Saudi Arabia, the world’s largest oil exporter, began deploying a specialized protection force to guard crude processing plants, oil fields and pipelines.
The 35,000-man force isn’t “completed on a full scale but they are actually in a position to carry out their mission,” Interior Ministry spokesman Major General Mansour al-Turki said in an interview yesterday. “They have enough for every area they want to secure.”
The ministry started training the force in 2007 to project the kingdom’s oil infrastructure from terrorist attacks. Al- Qaeda has attacked oil facilities in a bid to destabilize the power of the ruling monarchy and hurt its Western allies.
Saudi forces detained more than 100 terror suspects in March plotting attacks on energy installations. In 2007, police detained more than 170 people suspected of plotting attacks on oil fields and installations.
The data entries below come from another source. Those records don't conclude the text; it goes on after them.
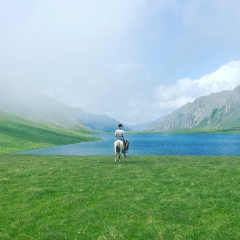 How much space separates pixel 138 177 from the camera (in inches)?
1283

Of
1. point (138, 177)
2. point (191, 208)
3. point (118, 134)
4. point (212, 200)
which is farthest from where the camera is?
point (118, 134)

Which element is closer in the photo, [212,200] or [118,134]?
[212,200]

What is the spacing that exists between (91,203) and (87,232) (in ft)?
17.7

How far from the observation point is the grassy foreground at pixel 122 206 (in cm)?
1727

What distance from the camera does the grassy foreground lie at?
1727cm

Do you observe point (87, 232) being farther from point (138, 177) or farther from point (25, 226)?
point (138, 177)

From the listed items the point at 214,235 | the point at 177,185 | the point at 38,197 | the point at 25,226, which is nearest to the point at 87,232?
the point at 25,226

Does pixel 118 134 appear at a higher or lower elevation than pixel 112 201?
higher

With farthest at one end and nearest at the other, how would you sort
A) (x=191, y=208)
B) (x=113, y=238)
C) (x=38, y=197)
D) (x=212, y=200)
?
(x=38, y=197), (x=212, y=200), (x=191, y=208), (x=113, y=238)

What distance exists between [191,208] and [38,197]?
12.6 metres

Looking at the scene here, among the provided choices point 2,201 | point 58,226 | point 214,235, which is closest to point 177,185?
point 214,235

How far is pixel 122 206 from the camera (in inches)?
853

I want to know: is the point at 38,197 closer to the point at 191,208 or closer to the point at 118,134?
the point at 191,208

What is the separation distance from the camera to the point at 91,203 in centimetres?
2275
A suicide attack at the Abqaiq oil-processing center, which handles two-thirds of the oil supply from the kingdom, was foiled in 2006.
“Once they complete hiring the 35,000, this will not be the end of it because they will have to go through a series of training programs in order to make sure that everybody in the force is able to carry out their mission,” al-Turki said.
The country, which ships about 50 percent of its oil through the Strait of Hormuz, produced 8.25 million barrels of oil a day in December, according to Bloomberg estimates.